▶ [Work item]:
Leave every picture out and print exactly the lines that run from the one containing "Christmas Tree tin" to the end of the listing.

▶ [Exercise data]:
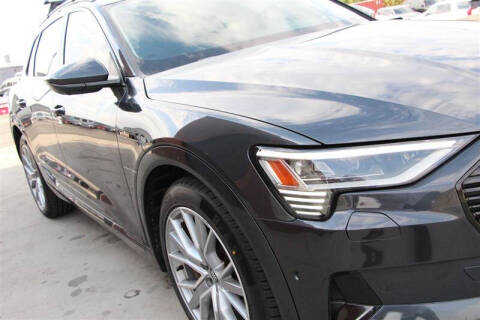 2021 Audi e-tron quattro Prestige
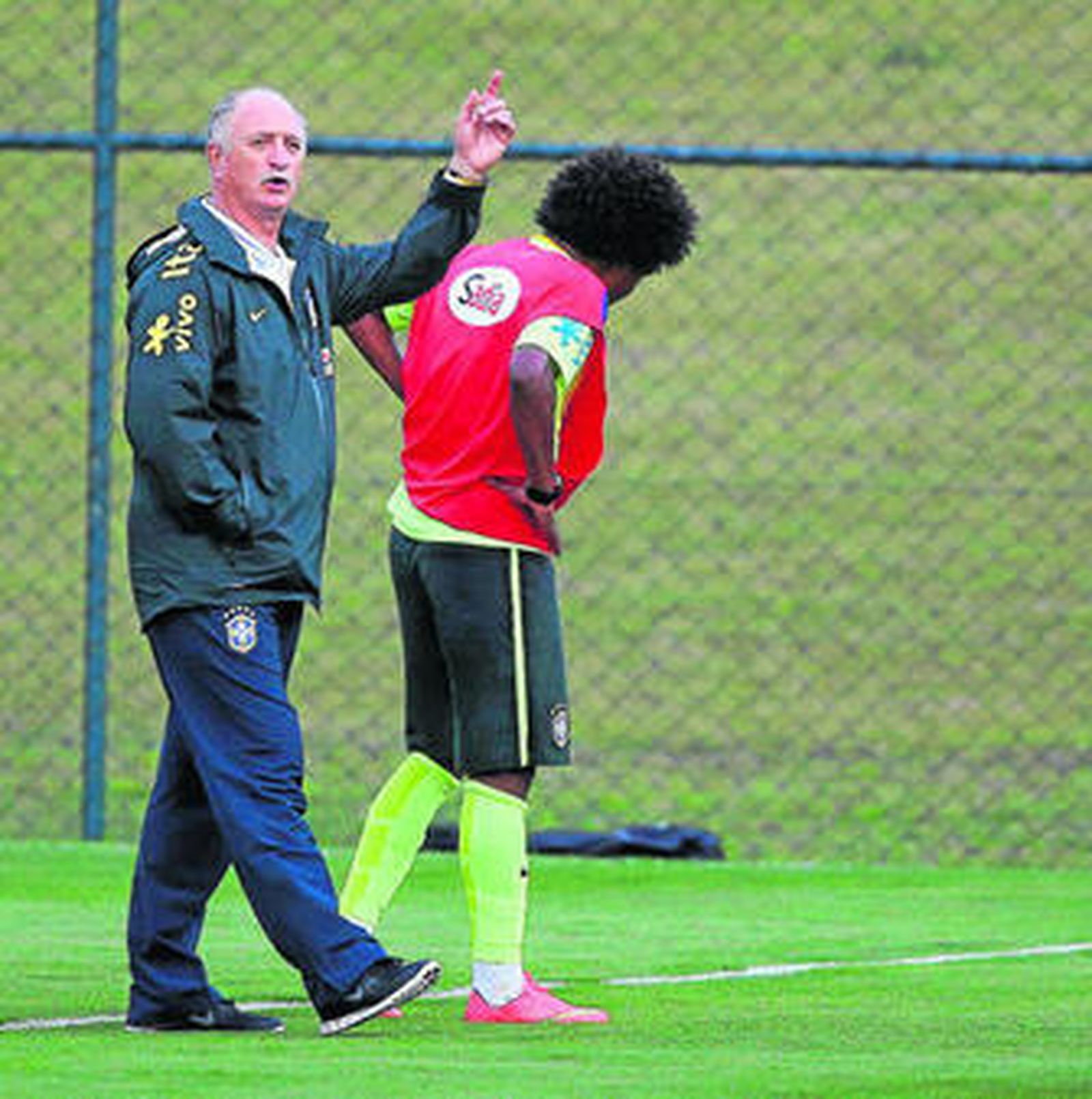 Scolari, en el entrenamiento de Brasil junto a Willian, candidato a suplir a Neymar.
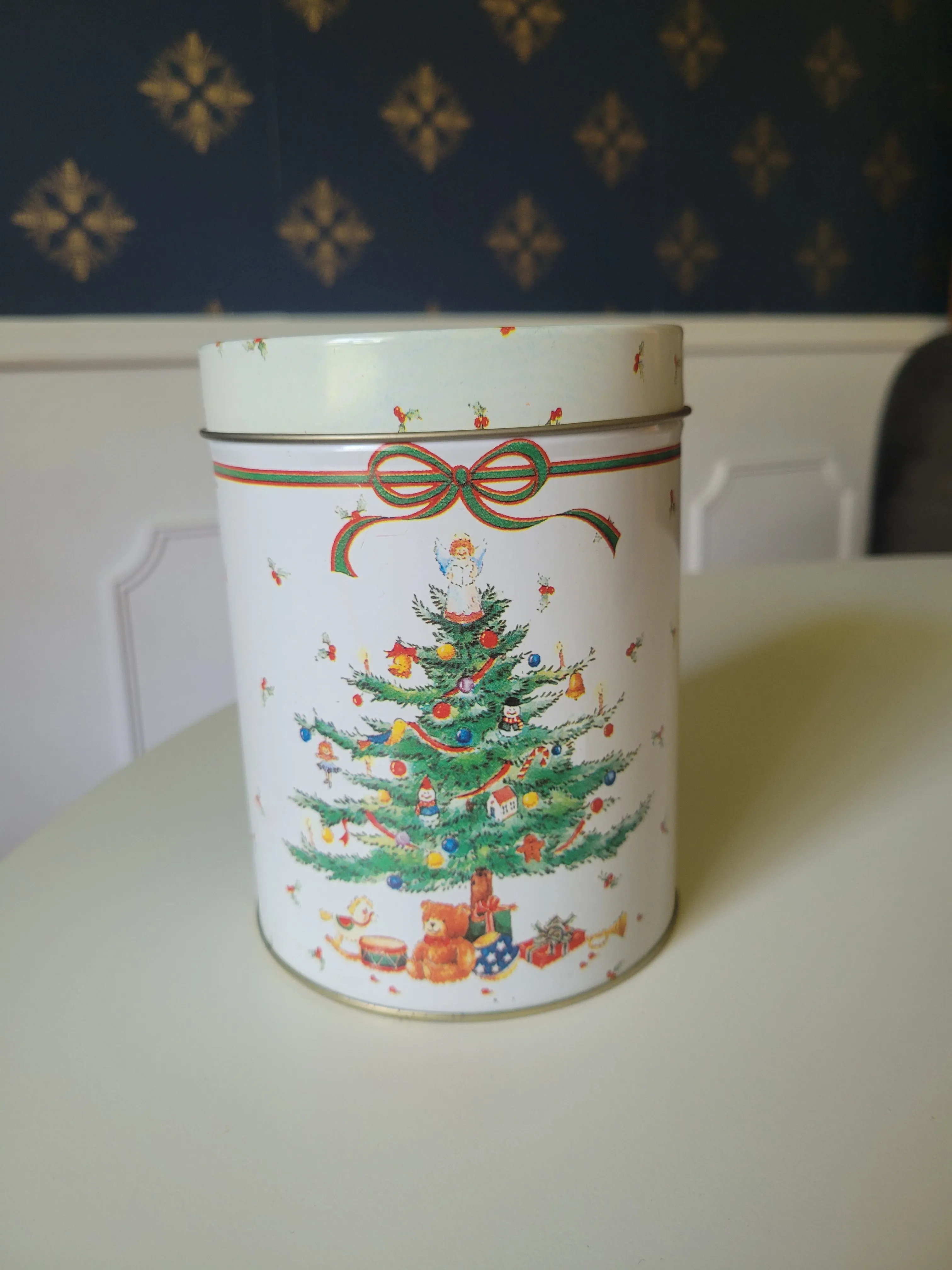 Christmas Tree tin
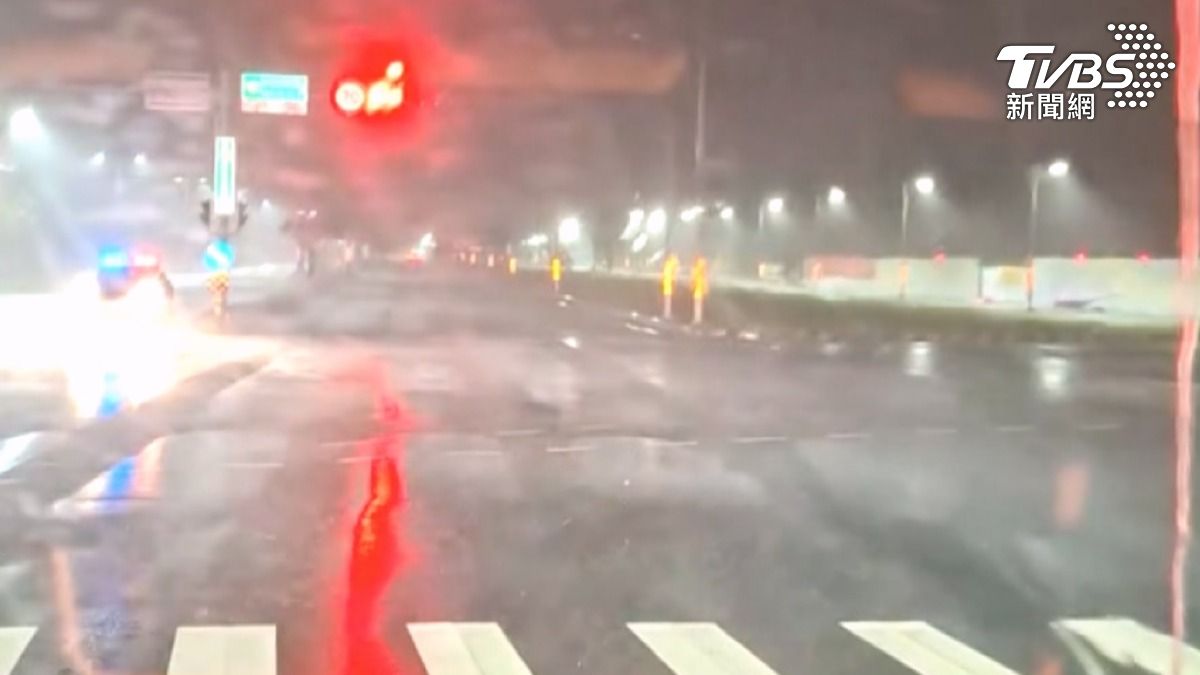 台南市一名12歲女童在丹娜絲颱風登陸當晚，遭飛來鐵條擊中頭部，途中遇到消防勘災車卻未獲協助，引發爭議。（圖／TVBS）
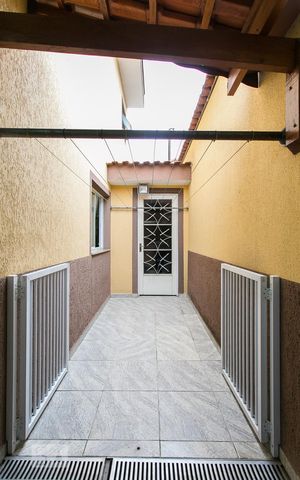 Casa à venda com 160m², 3 quartos e 2 vagasQuintal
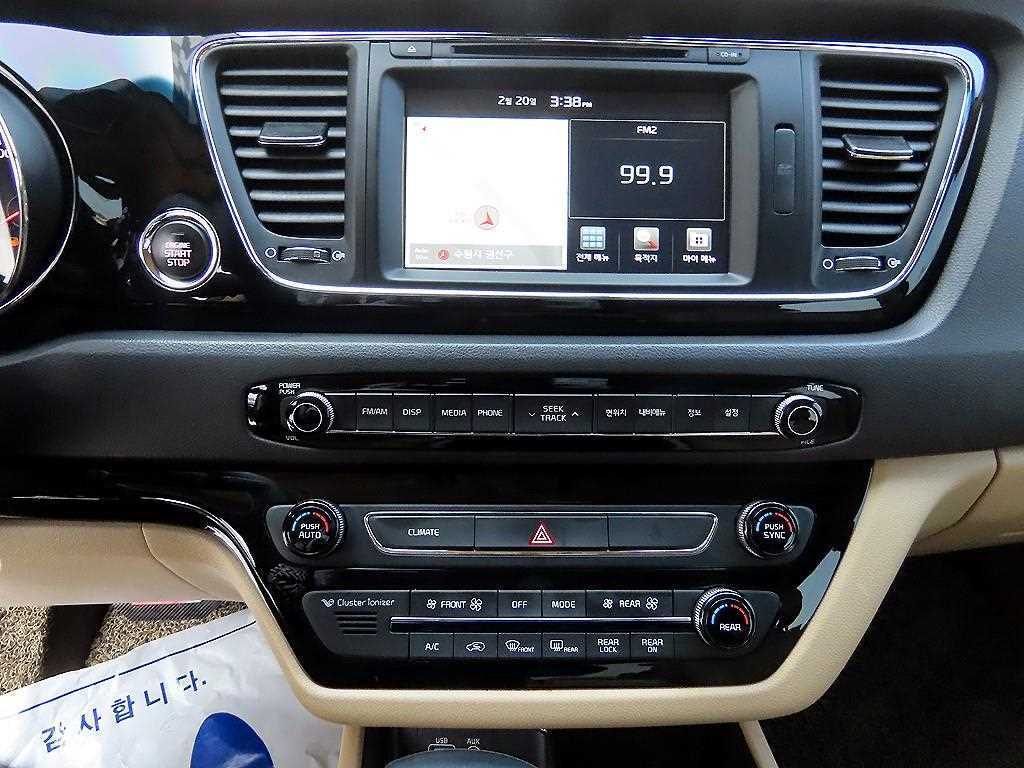 KIA Carnival - Vista 12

▶ [Completed exercise]:
 Christmas Tree tin
 台南市一名12歲女童在丹娜絲颱風登陸當晚，遭飛來鐵條擊中頭部，途中遇到消防勘災車卻未獲協助，引發爭議。（圖／TVBS）
 Casa à venda com 160m², 3 quartos e 2 vagasQuintal
 KIA Carnival - Vista 12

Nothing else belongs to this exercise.